Simplement, ce qui m’arrive, c’est que ma vie devient, de plus en plus, une looooooooongue et roooooooonde buuuuuuulllllle.


Ma bulle, le seul moyen qui me permet de gérer l’intranquillité.

M’isoler des stimuli sensitifs et sociaux. Dans L’Expérience de la pluie, Clélie Avit décrit de façon notable et marquante cette notion de BULLE, si importante dans la sphère autistique. Mes temps de bulle deviennent plus nombreux et plus longs: le temps de charge de mes batteries de petites cuillères augmente, au fur et à mesure que le temps passe. Comme avec les vieux téléphones, qu’il faut recharger plus longtemps, et de plus en plus souvent. Et qui se déchargent de plus en plus rapidement.


  • Rien de grave, donc, Docteur.

Je bulle

Tu bulles

Il bulle

Nous bullons

Vous bullez

Ils bullent


Les autistes.



«It's the most wonderful time of the year», c'est la plus belle période de l'année, chantaient en boucle les hauts-parleurs, dans les rues.

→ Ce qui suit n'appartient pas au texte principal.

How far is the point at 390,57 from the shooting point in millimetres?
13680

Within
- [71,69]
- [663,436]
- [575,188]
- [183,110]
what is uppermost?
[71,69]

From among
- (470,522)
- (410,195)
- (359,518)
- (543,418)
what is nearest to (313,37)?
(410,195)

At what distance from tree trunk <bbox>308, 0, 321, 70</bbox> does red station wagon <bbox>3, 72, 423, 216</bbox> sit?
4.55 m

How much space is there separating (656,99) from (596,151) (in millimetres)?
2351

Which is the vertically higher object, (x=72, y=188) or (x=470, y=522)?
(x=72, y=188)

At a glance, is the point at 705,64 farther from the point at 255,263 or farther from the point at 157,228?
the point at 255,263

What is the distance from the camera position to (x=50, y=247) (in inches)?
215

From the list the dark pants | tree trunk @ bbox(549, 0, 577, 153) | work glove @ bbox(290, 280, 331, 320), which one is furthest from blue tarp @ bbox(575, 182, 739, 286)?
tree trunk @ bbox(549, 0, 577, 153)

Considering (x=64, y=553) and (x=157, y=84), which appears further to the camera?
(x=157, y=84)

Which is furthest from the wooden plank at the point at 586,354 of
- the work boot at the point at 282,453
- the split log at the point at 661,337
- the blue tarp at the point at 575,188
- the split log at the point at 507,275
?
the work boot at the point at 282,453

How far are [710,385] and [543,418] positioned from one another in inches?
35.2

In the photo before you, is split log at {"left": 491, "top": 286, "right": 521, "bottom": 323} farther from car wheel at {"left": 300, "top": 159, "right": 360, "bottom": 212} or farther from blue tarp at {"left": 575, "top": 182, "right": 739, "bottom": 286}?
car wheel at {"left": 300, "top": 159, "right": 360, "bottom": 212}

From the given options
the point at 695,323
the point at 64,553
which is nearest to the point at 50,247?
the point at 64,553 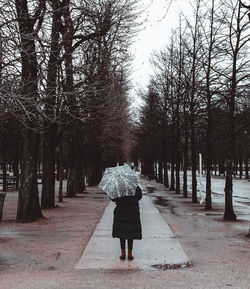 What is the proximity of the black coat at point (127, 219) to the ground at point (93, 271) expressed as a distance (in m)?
0.83

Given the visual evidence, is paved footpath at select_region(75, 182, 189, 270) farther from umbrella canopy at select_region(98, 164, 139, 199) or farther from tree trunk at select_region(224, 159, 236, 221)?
tree trunk at select_region(224, 159, 236, 221)

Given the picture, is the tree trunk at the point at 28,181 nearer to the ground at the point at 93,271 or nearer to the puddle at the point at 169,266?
the ground at the point at 93,271

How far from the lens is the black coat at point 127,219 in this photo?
307 inches

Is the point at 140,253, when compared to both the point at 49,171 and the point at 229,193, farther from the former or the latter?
the point at 49,171

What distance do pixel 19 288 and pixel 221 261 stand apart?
152 inches

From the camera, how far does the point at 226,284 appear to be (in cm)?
647

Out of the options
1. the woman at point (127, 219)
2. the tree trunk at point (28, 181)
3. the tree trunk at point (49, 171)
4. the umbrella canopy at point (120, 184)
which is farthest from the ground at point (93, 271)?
the tree trunk at point (49, 171)

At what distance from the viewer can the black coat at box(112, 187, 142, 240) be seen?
780cm

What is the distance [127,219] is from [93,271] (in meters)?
1.14

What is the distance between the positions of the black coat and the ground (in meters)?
0.83

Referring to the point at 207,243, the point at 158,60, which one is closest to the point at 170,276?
the point at 207,243

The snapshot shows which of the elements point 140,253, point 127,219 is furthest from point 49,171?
point 127,219

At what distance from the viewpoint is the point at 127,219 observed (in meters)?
7.86

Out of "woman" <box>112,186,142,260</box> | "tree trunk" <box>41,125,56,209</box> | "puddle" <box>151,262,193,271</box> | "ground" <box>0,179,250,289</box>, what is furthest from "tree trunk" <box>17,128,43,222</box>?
"puddle" <box>151,262,193,271</box> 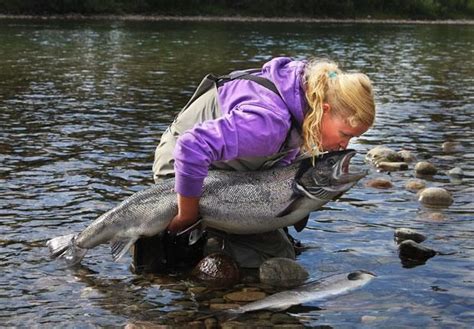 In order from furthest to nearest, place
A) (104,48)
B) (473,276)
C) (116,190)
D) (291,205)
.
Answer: (104,48) → (116,190) → (473,276) → (291,205)

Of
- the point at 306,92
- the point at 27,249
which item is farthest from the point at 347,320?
the point at 27,249

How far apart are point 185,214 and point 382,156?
5.85 m

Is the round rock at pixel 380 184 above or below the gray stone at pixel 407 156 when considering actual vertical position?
above

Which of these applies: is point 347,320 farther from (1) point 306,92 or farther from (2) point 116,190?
(2) point 116,190

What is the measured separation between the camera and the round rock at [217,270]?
6.21 meters

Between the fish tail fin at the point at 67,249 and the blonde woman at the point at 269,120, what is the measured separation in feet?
3.41

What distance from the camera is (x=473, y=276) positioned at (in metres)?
6.48

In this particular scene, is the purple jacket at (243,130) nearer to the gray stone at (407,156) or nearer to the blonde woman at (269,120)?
the blonde woman at (269,120)

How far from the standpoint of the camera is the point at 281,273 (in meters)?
6.30

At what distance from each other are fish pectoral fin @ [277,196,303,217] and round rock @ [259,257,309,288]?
0.64m

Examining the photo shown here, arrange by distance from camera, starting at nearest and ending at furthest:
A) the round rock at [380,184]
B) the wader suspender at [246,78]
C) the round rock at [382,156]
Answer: the wader suspender at [246,78] < the round rock at [380,184] < the round rock at [382,156]

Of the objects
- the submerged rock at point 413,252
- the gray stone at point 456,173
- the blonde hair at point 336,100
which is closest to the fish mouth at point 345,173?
the blonde hair at point 336,100

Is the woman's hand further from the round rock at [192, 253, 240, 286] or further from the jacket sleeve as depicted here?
the round rock at [192, 253, 240, 286]

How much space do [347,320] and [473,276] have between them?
5.03 ft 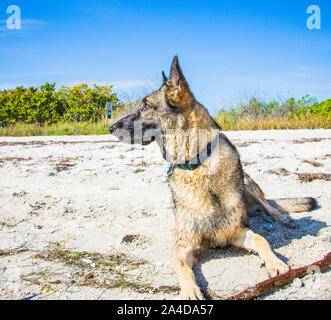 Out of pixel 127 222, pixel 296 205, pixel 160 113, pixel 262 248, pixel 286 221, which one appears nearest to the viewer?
pixel 262 248

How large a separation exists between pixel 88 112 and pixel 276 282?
85.2 ft

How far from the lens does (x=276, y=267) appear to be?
256cm

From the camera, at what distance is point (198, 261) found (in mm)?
2934

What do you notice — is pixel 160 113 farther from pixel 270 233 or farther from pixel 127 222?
pixel 270 233

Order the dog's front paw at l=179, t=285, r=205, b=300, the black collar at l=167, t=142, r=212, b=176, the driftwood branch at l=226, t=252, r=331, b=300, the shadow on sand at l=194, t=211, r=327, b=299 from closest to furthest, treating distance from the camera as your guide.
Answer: the driftwood branch at l=226, t=252, r=331, b=300
the dog's front paw at l=179, t=285, r=205, b=300
the shadow on sand at l=194, t=211, r=327, b=299
the black collar at l=167, t=142, r=212, b=176

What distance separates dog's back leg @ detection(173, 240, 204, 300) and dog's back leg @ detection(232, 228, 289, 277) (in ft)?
1.55

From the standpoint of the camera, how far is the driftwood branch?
216 centimetres

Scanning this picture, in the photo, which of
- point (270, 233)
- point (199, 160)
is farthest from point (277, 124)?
point (199, 160)

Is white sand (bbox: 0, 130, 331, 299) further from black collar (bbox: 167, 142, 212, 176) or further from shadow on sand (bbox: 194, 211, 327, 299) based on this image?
black collar (bbox: 167, 142, 212, 176)

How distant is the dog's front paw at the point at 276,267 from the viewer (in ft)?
8.30

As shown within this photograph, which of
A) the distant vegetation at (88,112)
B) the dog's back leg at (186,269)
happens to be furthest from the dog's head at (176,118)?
the distant vegetation at (88,112)

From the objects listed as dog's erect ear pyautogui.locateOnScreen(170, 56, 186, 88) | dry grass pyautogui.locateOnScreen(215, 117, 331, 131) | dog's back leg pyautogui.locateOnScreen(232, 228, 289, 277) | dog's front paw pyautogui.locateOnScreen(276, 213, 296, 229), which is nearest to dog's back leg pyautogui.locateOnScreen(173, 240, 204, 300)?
dog's back leg pyautogui.locateOnScreen(232, 228, 289, 277) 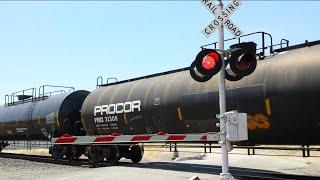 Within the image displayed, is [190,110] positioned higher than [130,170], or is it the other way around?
[190,110]

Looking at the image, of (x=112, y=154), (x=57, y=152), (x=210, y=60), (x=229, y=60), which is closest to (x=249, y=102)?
(x=229, y=60)

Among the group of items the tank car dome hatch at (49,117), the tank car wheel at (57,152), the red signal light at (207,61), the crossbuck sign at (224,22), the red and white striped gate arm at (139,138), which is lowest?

Noël. Et les fêtes de fin d'année. Et, cerise sur le gâteau, l'anniversaire de ma princesse, ma grande fille. Je suis heureuse, profondément, que mes enfants le pensent: Noël, les fêtes de fin d'année et l’anniversaire: la plus belle période de l'année. Pour eux.


A titre personnel, c'est une période compliquée, pour moi, depuis que je suis maman, notamment. Moi qui vit déjà dans un quotidien pas simple, où tout, la moindre chose «normale» (comme de prendre ma douche, par exemple, c'est toujours un défi. Clélie Avit le décrit si bien dans son livre. Elle illustre parfaitement, dans son roman, comment tout est question d'apprentissage(s): "je l'ai apprivoisée": la pluie, ou la douche) est question d’efforts adaptatifs à fournir, qui me consument et consomment une quantité d'énergie considérable. Noël et ses obligations sociales. Pas tout à fait évident. J'en ressors lessivée, vidée. Même si mon cercle social se restreint d'année en année, au fur et à mesure de mon avancée en âge, et de ma perte progressive de capacités à créer de nouvelles relations. Je préfère le mois de janvier, lorsque les attentes sociales et familiales se tassent, et que le froid hivernal se fait sentir. Comme une sorte de trêve, de pause sociale et sensorielle, au cœur de l'hiver. Lorsque même la nature fait silence. Tout se calme et devient paisible. S'il y avait un mois autiste, je pense que ce serait le mois de janvier. Lorsque même les neurotypiques sont saturés de fêtes, rencontres et repas. Lorsque même eux, ces gens normaux, qui aiment les fêtes et les retrouvailles sociales et familiales, se mettent en jeûne, détox et pause, après les fêtes. JANVIER, l'idéal pour une cure détox: sensorielle et relationnelle. Le paradis des autistes. Quelque chose qui ressemble au bonheur, car tout se pose, s'apaise et ralentit. Comme dans mon post Mémoriel sensoriel, dans lequel je décris les moments les plus heureux de ma vie, enfant, en haut des pistes de ski de la petite station familiale, seule, entourée de sommets alpins.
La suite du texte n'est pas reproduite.